IAS CEO, Larry Cochran, Featured In San Antonio Express-News On Local Ride Sharing Concept
June 27, 2014
If you’ve ever had to use the taxi service in our city, you are all too familiar with how imperfect the system is.
Whether you have to endure the wrath of a driver for a short ride or are left waiting for a taxi that never comes, it’s clear that we have a transportation problem that shouldn’t be an issue in the seventh-largest city in the nation. Why, then, is the ride-sharing concept, a solution that has been dropped in our laps without a dime requested from our taxpayers, being eschewed and punished?
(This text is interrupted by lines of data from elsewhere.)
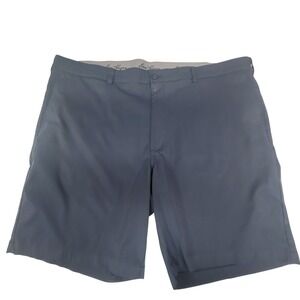 Ben Hogan Men's Golf‎ Shorts Size 42 Blue Performance Athletic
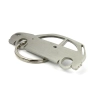 Brelok Opel Corsa C 3d stal nierdzewna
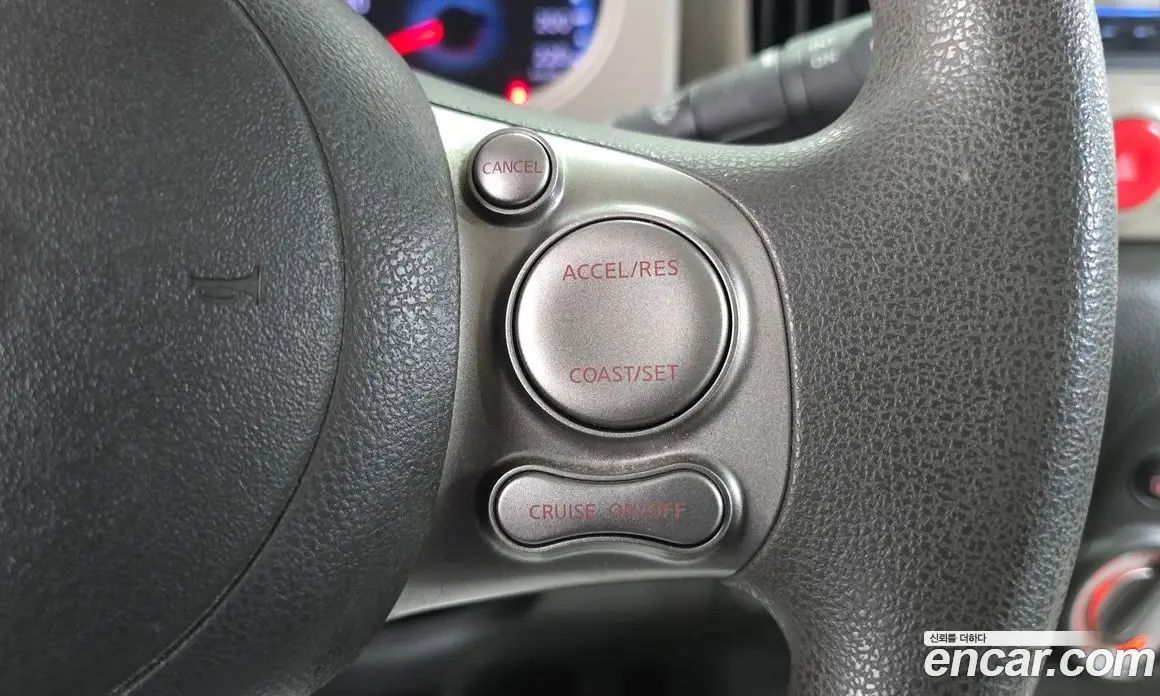 Nissan Cube 2012 1.8 АКПП, фото 15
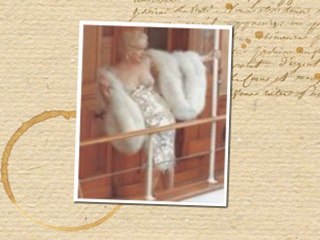 Marilyn Monroe~ Some Like It HOT~ Ah But Is It Love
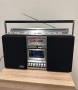 💥Ретро радиокасетофон Sony CFS-85S Zilbap boombox - 1979 г. Made in Japan, снимка 1
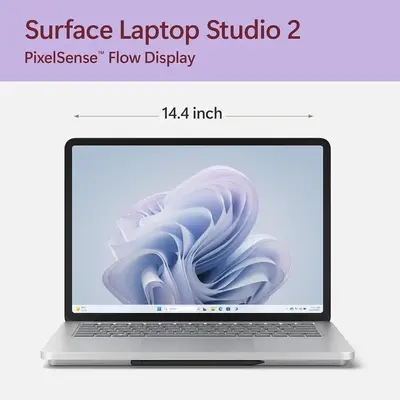 Microsoft Surface Laptop Studio 2 Image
While our city leaders actively try to attract coveted high-tech firms or large manufacturing businesses with sizeable payrolls to dole out to our residents, they must also realize that our lacking private transportation system is a serious hurdle for growth. We know what these companies are looking for — the benefits of a large, progressive metropolitan area that will nurture all aspects of their collective stakeholders, including a good public transit system to transport high-earning professionals and support staff around the city.
Additionally, we have all been touched by the tragedies that involve drinking and driving. Our city has one of the worst records in the nation, despite also having one of the most aggressive law enforcement programs aimed squarely at the problem. We also see it in the news as we watch everyone from our police chief to district attorney in a constant chorus warning us of the dangers and ultimate costs to be paid for those that don’t heed the warnings and the law.
In summary, our public transportation system is inadequate for the size of our city. Second, we have an obvious drinking and driving issue. Third, the availability of taxis is insufficient. Here’s where the hypocrisy is. We have a solution, but instead of working to make this a safe, affordable and reliable service, we hold a press conference to tell people to avoid using these services.
Furthermore, when residents see the benefit and continue to use the ride-sharing services, our police chief activates a task force of undercover cops so they can start impounding their cars.
Forget that we might be able to transform our city by people moving about freely and inexpensively enjoying uncharted areas of our city to experience new food and entertainment options. Forget that we could arrive at the airport with fresh anticipation of being greeted by an almost-certain friendly face in a nice car ready to treat us like a VIP without the wait at the taxi stand.
Let’s just focus on one opportunity: that we can possibly reduce and mitigate alcohol-related car accidents in San Antonio. Let’s just focus on that dream, San Antonio. How much is that worth? How much are the lives that have needlessly been taken from our city streets worth?
What do we think is safer relative to cost: a background-verified safe driver in a registered vehicle taking us from place to place, or giving up on a nonexistent taxi and driving when we shouldn’t?
I think there’s good reason a lot of smart money is chasing Uber at an $18 billion value. Count me in.